Task goal
Reproduce exactly the lines below from the one containing "Mandotos night vision" through the one containing "Clip on Security", including both, and nothing else.

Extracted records
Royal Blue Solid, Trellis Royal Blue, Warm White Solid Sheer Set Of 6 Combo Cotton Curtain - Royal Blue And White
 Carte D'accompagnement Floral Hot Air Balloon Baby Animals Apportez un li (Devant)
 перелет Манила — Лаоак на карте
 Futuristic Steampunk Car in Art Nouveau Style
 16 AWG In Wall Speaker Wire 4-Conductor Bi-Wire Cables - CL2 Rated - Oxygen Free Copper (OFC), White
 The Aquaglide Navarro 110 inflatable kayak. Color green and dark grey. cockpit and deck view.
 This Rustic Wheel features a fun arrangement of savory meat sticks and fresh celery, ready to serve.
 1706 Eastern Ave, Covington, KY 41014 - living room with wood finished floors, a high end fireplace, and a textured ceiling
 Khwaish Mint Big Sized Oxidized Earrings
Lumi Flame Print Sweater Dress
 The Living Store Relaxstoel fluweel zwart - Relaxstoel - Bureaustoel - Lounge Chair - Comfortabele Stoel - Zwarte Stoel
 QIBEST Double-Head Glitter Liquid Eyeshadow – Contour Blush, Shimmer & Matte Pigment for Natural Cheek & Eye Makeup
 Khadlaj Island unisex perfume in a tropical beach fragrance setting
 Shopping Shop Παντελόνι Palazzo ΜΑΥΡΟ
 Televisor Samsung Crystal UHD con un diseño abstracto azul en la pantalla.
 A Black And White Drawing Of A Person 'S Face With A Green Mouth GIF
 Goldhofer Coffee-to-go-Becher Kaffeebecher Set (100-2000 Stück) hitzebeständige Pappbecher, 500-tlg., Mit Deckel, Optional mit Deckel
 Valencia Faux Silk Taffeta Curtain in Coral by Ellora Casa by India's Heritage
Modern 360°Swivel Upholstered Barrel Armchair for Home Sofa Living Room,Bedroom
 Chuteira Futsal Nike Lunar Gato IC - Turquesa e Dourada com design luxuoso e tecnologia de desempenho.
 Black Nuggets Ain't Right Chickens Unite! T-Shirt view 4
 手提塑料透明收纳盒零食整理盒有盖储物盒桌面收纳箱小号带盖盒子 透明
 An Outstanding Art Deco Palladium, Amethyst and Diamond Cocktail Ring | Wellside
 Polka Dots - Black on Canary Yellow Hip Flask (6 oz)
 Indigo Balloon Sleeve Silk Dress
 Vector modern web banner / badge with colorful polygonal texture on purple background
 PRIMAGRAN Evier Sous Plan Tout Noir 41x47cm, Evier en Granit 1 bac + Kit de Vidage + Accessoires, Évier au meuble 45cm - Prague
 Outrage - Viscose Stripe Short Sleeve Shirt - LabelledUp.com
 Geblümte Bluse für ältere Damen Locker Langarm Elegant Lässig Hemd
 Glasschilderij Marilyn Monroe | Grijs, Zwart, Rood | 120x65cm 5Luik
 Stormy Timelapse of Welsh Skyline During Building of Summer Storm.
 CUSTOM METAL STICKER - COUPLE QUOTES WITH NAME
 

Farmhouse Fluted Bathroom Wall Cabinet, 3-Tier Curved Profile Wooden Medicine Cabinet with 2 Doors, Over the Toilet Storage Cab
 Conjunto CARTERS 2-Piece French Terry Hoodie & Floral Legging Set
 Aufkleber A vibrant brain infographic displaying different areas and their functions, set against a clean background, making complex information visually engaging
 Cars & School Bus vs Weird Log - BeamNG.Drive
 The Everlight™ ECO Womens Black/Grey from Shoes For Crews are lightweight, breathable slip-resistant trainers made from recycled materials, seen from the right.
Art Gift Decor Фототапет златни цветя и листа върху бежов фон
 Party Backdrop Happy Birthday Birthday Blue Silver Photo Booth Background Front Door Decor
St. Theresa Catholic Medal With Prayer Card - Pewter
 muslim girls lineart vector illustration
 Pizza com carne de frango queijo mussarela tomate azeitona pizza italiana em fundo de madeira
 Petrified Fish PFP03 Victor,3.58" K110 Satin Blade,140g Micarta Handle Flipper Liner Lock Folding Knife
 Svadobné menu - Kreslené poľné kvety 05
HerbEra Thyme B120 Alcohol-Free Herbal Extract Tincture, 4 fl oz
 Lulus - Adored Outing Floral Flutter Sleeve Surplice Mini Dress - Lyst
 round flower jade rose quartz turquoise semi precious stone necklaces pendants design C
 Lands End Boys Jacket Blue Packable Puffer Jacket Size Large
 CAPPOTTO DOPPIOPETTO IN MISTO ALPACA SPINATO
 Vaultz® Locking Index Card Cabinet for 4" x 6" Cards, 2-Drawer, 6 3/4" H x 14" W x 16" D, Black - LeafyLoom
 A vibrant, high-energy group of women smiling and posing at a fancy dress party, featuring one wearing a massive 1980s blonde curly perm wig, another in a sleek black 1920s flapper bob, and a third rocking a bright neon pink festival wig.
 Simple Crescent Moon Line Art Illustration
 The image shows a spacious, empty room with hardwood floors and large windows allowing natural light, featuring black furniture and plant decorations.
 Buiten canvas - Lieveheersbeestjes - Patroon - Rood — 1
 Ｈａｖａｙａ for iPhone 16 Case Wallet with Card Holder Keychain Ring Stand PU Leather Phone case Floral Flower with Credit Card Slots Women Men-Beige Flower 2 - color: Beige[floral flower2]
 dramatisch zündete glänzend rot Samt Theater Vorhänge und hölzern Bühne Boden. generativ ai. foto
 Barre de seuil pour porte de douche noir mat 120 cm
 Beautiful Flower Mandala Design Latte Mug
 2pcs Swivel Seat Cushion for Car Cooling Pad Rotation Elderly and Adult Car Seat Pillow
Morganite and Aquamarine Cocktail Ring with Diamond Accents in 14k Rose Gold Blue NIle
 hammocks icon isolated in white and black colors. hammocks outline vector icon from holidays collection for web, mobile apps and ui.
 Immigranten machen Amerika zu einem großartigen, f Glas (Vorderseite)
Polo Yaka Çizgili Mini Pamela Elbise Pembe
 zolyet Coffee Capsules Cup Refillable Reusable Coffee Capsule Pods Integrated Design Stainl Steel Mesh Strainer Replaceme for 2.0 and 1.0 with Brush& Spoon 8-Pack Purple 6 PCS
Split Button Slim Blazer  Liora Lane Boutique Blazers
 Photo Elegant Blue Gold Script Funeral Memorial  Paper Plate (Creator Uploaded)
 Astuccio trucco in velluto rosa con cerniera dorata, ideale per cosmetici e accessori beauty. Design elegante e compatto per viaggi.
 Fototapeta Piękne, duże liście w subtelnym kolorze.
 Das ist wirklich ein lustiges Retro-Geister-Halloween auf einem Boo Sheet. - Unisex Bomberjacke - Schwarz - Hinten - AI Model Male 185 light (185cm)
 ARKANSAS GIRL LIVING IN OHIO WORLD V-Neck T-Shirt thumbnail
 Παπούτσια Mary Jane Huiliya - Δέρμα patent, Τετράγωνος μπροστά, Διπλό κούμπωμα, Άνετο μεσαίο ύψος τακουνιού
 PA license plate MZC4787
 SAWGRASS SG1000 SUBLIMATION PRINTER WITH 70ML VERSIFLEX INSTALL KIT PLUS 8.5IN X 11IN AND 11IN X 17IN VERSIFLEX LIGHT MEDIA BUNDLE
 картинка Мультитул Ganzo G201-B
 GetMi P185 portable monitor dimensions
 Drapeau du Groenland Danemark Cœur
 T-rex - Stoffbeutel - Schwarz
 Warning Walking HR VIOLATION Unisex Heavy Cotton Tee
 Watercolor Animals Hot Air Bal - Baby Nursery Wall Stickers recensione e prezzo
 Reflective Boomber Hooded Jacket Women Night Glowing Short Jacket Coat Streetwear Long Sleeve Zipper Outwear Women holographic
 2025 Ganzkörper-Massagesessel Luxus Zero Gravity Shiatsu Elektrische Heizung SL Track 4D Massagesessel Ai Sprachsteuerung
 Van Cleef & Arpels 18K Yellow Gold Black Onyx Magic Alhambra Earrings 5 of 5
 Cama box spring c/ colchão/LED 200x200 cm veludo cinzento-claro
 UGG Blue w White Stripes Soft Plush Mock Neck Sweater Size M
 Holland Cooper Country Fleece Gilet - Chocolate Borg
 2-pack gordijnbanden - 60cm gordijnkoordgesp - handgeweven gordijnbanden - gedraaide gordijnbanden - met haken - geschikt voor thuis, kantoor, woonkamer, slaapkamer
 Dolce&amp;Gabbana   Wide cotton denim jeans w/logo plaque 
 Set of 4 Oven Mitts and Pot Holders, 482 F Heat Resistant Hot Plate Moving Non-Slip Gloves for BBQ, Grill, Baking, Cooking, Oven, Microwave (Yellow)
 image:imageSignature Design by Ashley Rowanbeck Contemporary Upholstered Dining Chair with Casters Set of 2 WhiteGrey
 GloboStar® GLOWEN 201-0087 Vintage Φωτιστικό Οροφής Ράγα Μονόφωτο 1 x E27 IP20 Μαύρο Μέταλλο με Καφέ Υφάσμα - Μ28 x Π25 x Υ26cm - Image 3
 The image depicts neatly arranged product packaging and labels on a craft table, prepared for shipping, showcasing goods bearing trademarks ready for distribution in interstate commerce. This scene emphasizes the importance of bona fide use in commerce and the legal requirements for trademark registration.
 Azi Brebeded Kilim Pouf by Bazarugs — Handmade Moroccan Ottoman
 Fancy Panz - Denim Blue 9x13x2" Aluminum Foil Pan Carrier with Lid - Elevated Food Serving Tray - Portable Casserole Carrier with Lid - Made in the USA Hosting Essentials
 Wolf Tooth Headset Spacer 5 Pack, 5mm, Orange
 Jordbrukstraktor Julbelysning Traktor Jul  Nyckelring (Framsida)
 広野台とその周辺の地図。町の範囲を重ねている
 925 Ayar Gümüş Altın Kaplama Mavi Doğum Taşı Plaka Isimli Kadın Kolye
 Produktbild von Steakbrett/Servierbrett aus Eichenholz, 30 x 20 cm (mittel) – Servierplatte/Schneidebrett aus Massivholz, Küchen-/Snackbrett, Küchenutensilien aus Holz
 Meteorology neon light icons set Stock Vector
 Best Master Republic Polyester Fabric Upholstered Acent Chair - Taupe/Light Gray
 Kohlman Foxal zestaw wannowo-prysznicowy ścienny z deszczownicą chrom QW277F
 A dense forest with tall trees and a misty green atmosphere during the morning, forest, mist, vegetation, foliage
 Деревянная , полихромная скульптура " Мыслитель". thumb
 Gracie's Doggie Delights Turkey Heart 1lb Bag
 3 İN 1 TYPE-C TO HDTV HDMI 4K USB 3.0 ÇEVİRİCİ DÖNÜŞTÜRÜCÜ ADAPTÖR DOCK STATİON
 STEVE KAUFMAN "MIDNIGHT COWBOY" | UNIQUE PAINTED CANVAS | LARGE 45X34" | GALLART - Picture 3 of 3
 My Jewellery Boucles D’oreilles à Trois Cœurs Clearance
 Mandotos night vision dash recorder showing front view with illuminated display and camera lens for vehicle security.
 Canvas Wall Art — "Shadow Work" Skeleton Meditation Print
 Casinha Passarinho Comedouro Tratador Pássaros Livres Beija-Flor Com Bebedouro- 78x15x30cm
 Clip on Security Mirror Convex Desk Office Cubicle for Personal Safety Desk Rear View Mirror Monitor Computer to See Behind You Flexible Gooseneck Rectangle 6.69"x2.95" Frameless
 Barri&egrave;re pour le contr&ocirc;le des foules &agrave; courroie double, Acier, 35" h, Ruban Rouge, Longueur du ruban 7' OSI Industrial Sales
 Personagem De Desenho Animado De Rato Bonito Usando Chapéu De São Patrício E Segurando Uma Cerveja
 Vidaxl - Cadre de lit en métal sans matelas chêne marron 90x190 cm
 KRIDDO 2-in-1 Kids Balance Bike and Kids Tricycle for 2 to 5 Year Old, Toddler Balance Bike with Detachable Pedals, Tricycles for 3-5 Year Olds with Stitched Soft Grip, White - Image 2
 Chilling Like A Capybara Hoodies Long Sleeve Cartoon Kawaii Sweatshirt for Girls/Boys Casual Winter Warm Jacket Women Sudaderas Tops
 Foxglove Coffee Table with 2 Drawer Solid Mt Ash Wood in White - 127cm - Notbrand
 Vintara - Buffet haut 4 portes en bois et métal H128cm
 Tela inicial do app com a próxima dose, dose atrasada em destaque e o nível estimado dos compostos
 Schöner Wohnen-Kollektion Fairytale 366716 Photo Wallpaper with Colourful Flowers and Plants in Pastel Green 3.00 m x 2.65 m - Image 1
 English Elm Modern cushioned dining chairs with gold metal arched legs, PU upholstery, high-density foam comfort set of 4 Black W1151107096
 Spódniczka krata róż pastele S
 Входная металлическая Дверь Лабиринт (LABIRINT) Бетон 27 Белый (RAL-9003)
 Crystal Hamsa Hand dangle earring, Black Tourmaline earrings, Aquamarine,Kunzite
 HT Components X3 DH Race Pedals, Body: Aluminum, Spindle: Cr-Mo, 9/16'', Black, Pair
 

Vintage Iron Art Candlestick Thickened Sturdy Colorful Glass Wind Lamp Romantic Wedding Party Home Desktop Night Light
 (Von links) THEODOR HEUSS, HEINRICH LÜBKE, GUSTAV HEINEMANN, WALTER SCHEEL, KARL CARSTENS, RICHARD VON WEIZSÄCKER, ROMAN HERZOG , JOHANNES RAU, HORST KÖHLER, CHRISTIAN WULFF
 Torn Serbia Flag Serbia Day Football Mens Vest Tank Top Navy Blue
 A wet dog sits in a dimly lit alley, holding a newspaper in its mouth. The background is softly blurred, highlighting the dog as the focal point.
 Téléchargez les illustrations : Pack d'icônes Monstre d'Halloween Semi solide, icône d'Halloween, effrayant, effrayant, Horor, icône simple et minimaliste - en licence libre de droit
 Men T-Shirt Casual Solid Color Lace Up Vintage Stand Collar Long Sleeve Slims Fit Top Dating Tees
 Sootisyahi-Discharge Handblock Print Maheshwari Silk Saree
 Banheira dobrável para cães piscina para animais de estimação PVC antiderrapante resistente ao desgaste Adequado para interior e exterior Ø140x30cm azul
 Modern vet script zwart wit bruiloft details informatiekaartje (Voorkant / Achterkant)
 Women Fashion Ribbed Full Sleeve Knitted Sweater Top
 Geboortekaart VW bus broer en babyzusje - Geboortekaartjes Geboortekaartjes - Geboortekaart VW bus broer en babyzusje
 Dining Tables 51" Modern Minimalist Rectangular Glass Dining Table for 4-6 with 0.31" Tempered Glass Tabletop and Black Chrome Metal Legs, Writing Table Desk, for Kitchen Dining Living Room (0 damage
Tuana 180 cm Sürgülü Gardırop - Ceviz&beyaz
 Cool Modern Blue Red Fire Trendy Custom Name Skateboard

Output
 Mandotos night vision dash recorder showing front view with illuminated display and camera lens for vehicle security.
 Canvas Wall Art — "Shadow Work" Skeleton Meditation Print
 Casinha Passarinho Comedouro Tratador Pássaros Livres Beija-Flor Com Bebedouro- 78x15x30cm
 Clip on Security Mirror Convex Desk Office Cubicle for Personal Safety Desk Rear View Mirror Monitor Computer to See Behind You Flexible Gooseneck Rectangle 6.69"x2.95" Frameless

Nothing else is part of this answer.